Great Expectations: Discussions and reviews.


Source: Google images.

I’m happy that my first encounter with this book was years after high school, for most of the teens I know seem to have tossed the book away, unaware of the literary treasures lying in underneath its words.

Although its narrative, by shallow inspection, isn’t the most engaging, the plot structure is probably one of the richest and the deepest I have ever explored. I can never say the story was boring, because I often was driven to consider different possibilities. And though some twists were solemnly based on mere coincidences, Dickens succeeded in keeping me guessing until the very end.

The themes are timeless; you don’t need to live in the Victorian era to conclude that everybody has a little Pip lingering inside them in varying degrees, longing for a more fortunate life and seeking affection, and a better social class. When it comes to symbols, I find using the “misty marshes” and the “Satis House” very brilliant. You can easily find that each character, symbolized something crucial as well.
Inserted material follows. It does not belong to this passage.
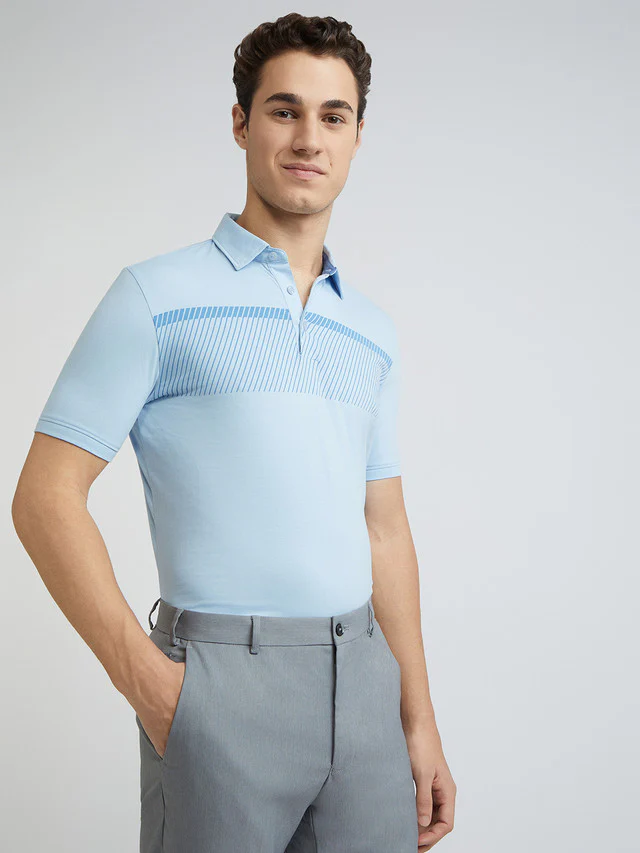 Park Avenue Blue Printed Slim Fit Cotton Blend T-Shirt - Image 2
Worthy to mention, I felt at many points how pathetic Pip’s fondness of Estella was, for instance when he says:

“Whatever her tone with me happened to be, I could put no trust in it, and build no hope on it; and yet I went on against trust and against hope.”
Also:
“Estella, to the last hour of my life, you cannot choose but remain part of my character, part of the little good in me, part of the evil. But, in this separation, I associate you only with the good; and I will faithfully hold you to that always, for you must have done me far more good than harm, let me feel now what sharp distress I may. O God bless you, God forgive you!”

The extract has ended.